When do things get colored in red?
The color red is used to indicate an unhealthy status of entities and their metrics.
Hint: We differentiate between indicating problems with the color red and throwing notifications.
Why do things get red?
Obviously, because we want to emphasize unhealthy components. That one's easy. However, we use red also because we want to give our users a click path to the root cause: As a user, any time I see something red on the screen I want to be able to click on it, and continue clicking on red, until I find the root cause of the problem.
What is unhealthy?
In order to use the color red correctly, we have to decide when elements are unhealthy and when they are not.
Problem relation: Entities (or their metrics) are unhealthy, if they are part of a problem (i.e. they are in problem context).
Open events: If there is an open event on a metric, we deem this unhealthy. For example, if we detect a spike on a host's CPU metric and an event is triggered, this is unhealthy (even if there is no related problem).
Domain knowledge: We mark data and metrics as unhealthy, if we know from domain knowledge that they are unhealthy. For example, if we show a list of web requests and some of them end up in 404s, we know that 404s are deemed unhealthy.
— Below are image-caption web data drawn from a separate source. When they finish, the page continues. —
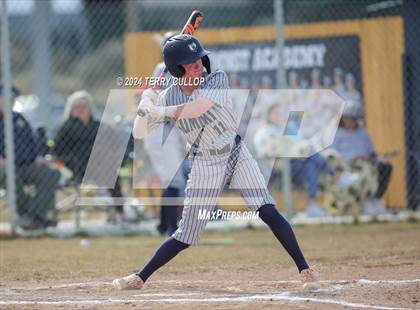 Thumbnail 2 in Ogden @ Summit Academy photogallery.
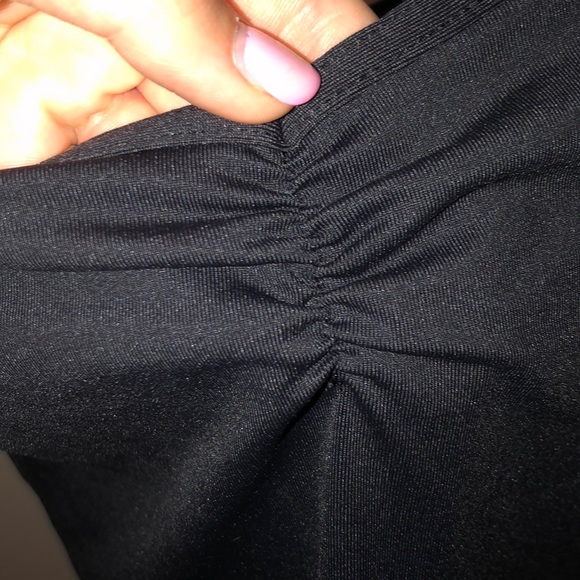 two cute dance leotards - Picture 2 of 7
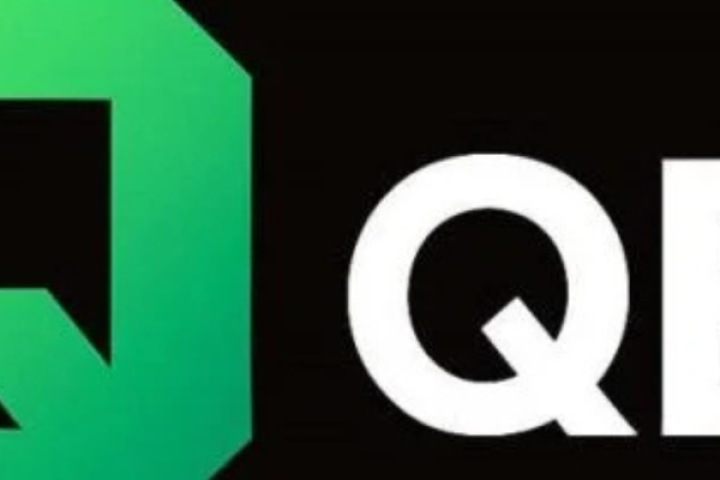 QEX: het eerste Europese Quantum Excellence Centre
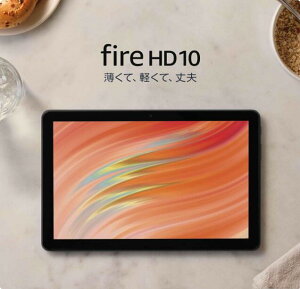 yz Fire HD 10 Amazon A}] 13 10.1^ 3GB/64GB/WiFi/ubN B0BL5M5C4K FireOS ^ubg Alexa ANT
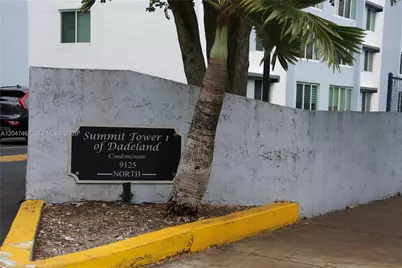 9125 SW 77th Ave #501, Miami, FL 33156 - Photo 22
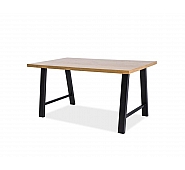 BHI 1219-T39 table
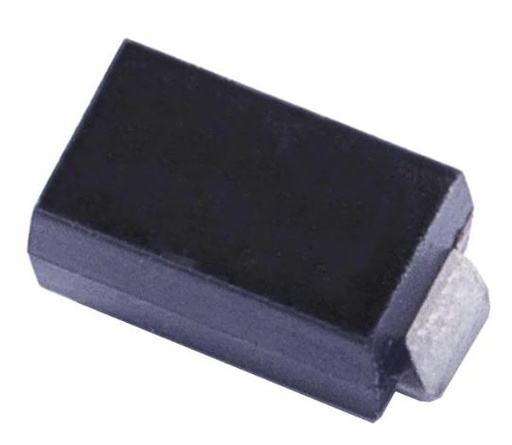 [2315785] B1100-13-F/DIODES INCORPORATED/RoHS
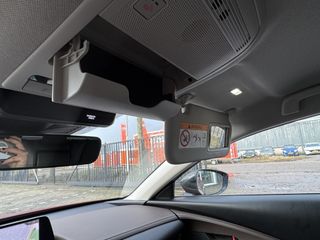 Voertuigafbeelding 21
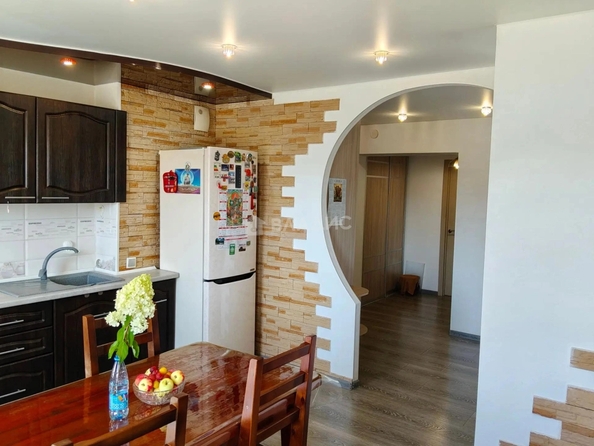 
  Продам 2-комн. квартира 60.9 м². Фото 3.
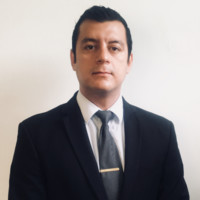 Adrian A. Negreros-Osuna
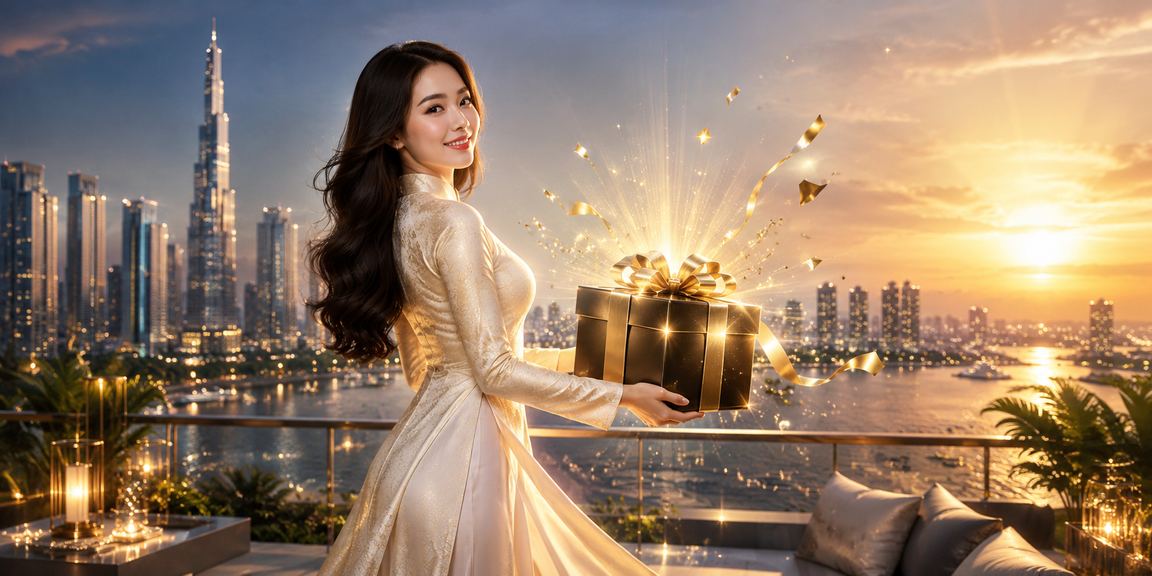 Người chơi tại TP. Hồ Chí Minh thưởng thức casino trực tuyến trong không gian thoải mái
100% failure rate: An entity is deemed unhealthy if all the child entities it contains are unhealthy. For example, a "web request method" in Dynatrace is basically an aggregate of all the requests handled with one particular URL in one particular timeframe. If all of those requests fail (e.g. 500s) we decide that the web request method is unhealthy. (Think of this as propagation or bubbling: anytime a collection of elements and all of those elements are unhealthy, the collection itself becomes unhealthy.)
What about yellow and green?
Yellow: We do not use yellow as a customer environment state indication color. There are several reasons for this. One of them is that yellow states (i.e. warnings) are almost always ignored by the user and therefore not relevant. To become the better monitoring solution we impose it on ourselves to decide for the user what is important and what is not. Therefore we separate between unhealthy and healthy states - nothing in between.
Green: While unhealthy means red (to draw attention), we do not paint everything else in green. Reason for this is simple: as soon as something is healthy the information about it becomes just that: information. Information does not need special attention-drawing color and therefore is basically shown black on white.
Entity views should indicate unhealthy metrics as well as other unhealthy entities that are connected.
In a problem context, only events related to this problem should be shown in red.
Unhealthy entities that are not related to this problem are not shown.
Tables without unhealthy metric in column
Unhealthy entities in tables are indicated with a vertical red line. Information about the unhealthy metric is shown in a second line. If more than one metric is affected, the message 'Multiple problems' is shown.
Tables with unhealthy metric in column
Tables with multiple unhealthy entities
Unhealthy metrics, hidden behind tabs need to be red. (High failure rate of a service - not of a single request)
Dashboard tiles should indicate unhealthy components too.
Infographics also show the health status of connected entities.